Edward Lee Thorndike,
was born in Williamsburg, Mass., Aug. 31, 1874, d. Aug. 9, 1949, was
a major figure in several fields of psychology: learning theory, applied
psychology, and mental measurement. First influenced by William James
at Harvard, he studied at Columbia University and taught there from
1909 to 1940. His learning theory, applied to animals and human beings,
added the principle of effect (success, pleasure, satisfaction) to Hermann
Ebbinghaus's principle of exercise.
Thorndike rid his theories
of the mentalism of earlier psychologists and paved the way for the
behaviorism of B. F. Skinner and John B. Watson.
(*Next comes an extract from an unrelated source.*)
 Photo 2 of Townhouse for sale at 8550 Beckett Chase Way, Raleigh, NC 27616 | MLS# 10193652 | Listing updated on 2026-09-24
He published about
500 books and articles, including his thesis Animal Intelligence (1898),
Educational Psychology (1903, later in three volumes), and Mental and
Social Measurements (1904), and was president of the American Psychological
Association. Thorndike's law of effect. Although evidence of classical
conditioning was there, E. L. Thorndike did not believe that it was
comprehensive because most behavior in the natural environment was not
simple enough to be explained by Pavlov's theory.
He conducted an experiment
where he put a cat in a cage with a latch on the door and a piece of
salmon outside of the cage. After first trying to reach through the
cage and then scratching at the bars of the cage, the cat finally hit
the latch on the door and the door opened. With the repetition of this
experiment, the amount of time and effort spent on the futile activities
of reaching and scratching by the cats became less and the releasing
of the latch occurred sooner. Thorndike's analysis of this behavior
was that the behavior that produced the desired effect became dominant
and therefore, occurred faster in the next experiments. He argued that
more complicated behavior was influenced by anticipated results, not
by a triggering stimulus as Pavlov had supposed. This idea became known
as the law of effect, and it provided the basis for Skinner's operant
conditioning analysis of behavior (Schwartz & Lacy, 1982, pp. 24-26).